As we rapidly approach the 75th Anniversary of the Victory in Europe - VE Day, it is timely to reflect the part played by the Royal Navy and her sailors and marines in the victory over the Italians and Germans and also to acknowledge that the World remained at war for several more brutal months until Japan surrendered in August.  This final article tells this history through Corelli Barnett.

His fine tome on the Royal Navy in the Second World War ‘Engage the Enemy more closely’ does not pull its punches on the state of the Nation, the conditions, alliances and rivalries of all aspects of the conflict and the Royal Navy’s part in the ultimate outcome of the Second World War.

‘In the following months 150 U-boats were sailed under escort to British anchorages.  The White Ensigns flying triumphantly above their Swastika flags celebrating victory in the hardest war the Royal Navy had fought in over 400 years of proud history.’

In the final paragraphs of the Chapter entitled Victory in Europe he writes,

‘For the second time in 25 years and because of the follies of British policy in the 1920s and 1930s, the Royal Navy had had to fight the U-boat and a German fleet of formidable ships. It had had to do so while also contending – because of those same follies – with the Italian and Japanese Navies, and when irreparably weakened by pre-war disarmament.  To wage war against such odds had cost the Navy in casualties nearly one tenth of its total wartime strength of some 800,000 men and women – 50,860 killed, 14,685 wounded and 7,401 taken prisoner.  The British Merchant Marine, staunch shipmate of the Royal Navy throughout the worst of the storm, the very sinew of Britain’s survival and victory – it too had paid dearly, with 30,248 crewmen drowned or killed in action.  Royal air Force Coastal Command, the Royal Canadian Air Force and Allied maritime air forces had lost 1,515 aircraft by enemy action, and suffered 8,874 aircrew killed and another 2,601 wounded.

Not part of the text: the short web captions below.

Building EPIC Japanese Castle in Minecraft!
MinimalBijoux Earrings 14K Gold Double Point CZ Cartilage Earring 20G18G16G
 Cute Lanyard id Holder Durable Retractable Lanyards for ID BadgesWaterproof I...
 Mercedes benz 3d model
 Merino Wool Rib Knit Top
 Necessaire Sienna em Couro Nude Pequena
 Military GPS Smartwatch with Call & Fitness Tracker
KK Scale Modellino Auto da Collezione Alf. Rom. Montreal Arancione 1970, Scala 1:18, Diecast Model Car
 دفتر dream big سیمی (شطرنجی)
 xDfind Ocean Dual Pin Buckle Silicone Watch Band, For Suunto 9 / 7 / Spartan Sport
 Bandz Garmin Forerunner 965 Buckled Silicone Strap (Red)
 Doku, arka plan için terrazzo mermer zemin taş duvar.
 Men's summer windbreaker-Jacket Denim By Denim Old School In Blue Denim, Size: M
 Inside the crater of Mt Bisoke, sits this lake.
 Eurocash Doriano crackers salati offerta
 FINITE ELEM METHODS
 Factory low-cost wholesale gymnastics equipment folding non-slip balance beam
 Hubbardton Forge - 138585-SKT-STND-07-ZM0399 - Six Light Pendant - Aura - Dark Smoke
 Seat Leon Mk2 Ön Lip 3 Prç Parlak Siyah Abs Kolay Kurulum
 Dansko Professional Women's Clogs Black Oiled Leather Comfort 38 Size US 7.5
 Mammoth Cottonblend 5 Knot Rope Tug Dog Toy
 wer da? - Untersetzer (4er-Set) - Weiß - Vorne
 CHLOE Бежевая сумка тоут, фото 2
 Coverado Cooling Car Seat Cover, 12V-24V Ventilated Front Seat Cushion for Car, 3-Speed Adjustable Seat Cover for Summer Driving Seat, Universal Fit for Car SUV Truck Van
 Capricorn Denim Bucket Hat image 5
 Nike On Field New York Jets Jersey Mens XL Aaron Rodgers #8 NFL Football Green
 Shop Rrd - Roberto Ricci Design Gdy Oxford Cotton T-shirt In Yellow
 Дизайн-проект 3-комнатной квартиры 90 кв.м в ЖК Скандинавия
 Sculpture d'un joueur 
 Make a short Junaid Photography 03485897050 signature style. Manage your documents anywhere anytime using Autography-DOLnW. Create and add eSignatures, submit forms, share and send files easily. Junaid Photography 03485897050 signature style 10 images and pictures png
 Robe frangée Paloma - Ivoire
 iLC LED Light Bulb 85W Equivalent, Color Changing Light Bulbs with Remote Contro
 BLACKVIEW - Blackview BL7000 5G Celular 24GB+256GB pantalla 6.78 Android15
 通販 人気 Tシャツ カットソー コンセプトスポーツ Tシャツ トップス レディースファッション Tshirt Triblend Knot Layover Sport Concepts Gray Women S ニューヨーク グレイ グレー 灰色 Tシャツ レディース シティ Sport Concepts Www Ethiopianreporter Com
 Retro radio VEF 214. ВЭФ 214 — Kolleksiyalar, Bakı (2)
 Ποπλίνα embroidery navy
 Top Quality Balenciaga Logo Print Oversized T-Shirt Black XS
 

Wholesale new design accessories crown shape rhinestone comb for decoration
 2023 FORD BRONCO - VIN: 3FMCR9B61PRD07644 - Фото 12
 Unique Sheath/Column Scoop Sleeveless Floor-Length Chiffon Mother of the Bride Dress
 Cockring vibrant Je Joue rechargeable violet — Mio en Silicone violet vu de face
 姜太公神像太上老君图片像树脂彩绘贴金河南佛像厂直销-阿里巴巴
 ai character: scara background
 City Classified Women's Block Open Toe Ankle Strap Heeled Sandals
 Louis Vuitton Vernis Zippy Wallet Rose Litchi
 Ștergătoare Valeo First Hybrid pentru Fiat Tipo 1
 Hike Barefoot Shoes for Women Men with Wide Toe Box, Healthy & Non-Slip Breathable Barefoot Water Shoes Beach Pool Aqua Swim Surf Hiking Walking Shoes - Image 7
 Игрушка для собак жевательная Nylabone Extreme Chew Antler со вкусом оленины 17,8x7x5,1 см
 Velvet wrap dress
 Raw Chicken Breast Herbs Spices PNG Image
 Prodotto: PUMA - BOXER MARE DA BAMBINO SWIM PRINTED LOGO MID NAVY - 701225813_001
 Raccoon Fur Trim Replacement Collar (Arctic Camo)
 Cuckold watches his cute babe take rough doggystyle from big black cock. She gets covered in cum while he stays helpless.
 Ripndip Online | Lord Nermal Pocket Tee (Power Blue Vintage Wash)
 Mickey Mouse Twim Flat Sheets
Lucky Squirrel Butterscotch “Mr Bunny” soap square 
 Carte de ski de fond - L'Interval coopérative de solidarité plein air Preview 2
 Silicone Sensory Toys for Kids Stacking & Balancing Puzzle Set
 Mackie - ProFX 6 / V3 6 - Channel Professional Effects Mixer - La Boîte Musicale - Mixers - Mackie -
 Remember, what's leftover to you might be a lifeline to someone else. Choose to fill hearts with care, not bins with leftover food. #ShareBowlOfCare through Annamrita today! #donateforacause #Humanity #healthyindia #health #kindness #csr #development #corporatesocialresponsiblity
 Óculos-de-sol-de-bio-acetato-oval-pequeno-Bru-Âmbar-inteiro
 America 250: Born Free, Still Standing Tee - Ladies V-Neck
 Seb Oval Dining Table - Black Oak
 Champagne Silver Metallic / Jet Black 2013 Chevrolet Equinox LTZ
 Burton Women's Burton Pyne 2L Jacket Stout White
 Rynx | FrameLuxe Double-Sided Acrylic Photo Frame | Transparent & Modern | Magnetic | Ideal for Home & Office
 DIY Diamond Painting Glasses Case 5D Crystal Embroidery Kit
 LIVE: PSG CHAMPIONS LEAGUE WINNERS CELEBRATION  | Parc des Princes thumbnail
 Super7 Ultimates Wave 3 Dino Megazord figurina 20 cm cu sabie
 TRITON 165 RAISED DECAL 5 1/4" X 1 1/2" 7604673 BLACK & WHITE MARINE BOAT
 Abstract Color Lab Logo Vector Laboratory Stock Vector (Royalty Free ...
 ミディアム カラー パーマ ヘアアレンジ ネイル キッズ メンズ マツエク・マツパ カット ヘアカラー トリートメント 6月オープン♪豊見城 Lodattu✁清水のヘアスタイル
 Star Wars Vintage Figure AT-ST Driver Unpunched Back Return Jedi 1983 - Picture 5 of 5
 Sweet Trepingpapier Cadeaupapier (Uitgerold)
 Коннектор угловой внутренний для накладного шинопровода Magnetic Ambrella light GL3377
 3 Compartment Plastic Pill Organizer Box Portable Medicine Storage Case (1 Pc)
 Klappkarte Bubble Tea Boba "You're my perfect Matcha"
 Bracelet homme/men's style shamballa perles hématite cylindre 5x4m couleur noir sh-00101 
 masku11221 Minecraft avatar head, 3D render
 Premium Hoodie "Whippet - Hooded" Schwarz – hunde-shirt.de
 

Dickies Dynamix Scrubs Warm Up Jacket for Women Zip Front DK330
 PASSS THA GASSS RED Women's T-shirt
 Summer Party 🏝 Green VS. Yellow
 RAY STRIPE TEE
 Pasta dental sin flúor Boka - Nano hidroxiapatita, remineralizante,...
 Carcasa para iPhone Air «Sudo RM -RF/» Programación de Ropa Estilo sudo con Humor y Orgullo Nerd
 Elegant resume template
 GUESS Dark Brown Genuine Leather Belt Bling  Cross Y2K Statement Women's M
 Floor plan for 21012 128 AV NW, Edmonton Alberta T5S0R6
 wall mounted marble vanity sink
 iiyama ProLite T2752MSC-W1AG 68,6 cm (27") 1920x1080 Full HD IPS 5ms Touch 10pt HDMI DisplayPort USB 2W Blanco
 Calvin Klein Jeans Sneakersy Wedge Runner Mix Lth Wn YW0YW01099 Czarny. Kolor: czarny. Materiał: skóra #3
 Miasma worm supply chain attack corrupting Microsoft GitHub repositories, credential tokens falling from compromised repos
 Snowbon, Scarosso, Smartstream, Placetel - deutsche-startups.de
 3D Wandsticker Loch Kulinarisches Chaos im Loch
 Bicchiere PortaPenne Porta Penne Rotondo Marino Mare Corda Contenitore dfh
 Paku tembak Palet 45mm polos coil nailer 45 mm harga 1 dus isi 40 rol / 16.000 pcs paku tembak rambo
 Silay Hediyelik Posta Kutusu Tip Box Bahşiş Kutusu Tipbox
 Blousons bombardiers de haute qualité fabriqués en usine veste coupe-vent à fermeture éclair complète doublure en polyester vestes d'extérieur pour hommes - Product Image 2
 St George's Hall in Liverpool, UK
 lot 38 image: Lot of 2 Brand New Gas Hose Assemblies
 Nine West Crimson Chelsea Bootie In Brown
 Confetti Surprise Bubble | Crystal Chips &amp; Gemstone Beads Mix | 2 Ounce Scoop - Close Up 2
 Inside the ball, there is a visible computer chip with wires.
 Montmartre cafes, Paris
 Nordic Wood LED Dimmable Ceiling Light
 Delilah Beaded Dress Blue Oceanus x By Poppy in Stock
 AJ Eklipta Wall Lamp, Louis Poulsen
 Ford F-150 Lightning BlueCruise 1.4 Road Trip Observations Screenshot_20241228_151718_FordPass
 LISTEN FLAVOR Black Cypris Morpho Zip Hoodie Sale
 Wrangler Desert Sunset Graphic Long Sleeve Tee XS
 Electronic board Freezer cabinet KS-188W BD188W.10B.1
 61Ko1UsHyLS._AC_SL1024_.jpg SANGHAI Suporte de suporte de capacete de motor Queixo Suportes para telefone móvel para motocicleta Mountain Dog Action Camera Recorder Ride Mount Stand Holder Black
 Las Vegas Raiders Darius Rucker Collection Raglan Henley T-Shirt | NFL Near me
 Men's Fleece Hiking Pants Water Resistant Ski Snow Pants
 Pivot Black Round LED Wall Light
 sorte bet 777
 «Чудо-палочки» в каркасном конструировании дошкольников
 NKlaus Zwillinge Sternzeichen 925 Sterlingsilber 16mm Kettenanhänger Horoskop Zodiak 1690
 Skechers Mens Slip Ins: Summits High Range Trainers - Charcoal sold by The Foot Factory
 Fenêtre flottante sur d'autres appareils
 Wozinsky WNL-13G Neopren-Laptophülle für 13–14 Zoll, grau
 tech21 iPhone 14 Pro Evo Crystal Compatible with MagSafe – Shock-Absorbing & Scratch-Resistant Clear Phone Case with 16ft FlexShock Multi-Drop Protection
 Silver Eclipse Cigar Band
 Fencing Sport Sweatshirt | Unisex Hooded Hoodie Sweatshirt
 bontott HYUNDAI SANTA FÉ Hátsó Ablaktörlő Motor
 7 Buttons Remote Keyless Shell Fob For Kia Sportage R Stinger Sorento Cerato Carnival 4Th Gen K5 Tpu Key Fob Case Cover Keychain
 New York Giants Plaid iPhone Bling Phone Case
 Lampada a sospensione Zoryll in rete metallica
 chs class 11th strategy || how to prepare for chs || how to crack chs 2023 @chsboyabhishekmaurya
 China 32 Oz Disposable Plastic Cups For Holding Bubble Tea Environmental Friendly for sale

So once more the Royal Navy (this time in partnership with the Royal air Force) had ‘kept England’s wall that is the sea’, and with it the cause of liberty.  And for all the importance of technology and tactics, of staff and strategy, the Royal Navy had prevailed because of its officers and bluejackets, ‘Hostilities Only’ as much as RN, RNR and RNVR, were throughout animated by the spirit of Nelson’s last order flying amid the gun smoke of Trafalgar: ‘Engage the enemy more closely.’

Now the prong of the triple threat – the only one of the three that directly menaced the independence of the United Kingdom – lay broken.  But there still remained the third prong.  Before a bankrupt Britain could concentrate on the enormous task of restoring her lost prosperity, there had to be finished off that other war, the war with Japan in defence of the British imperial legacy in the East.’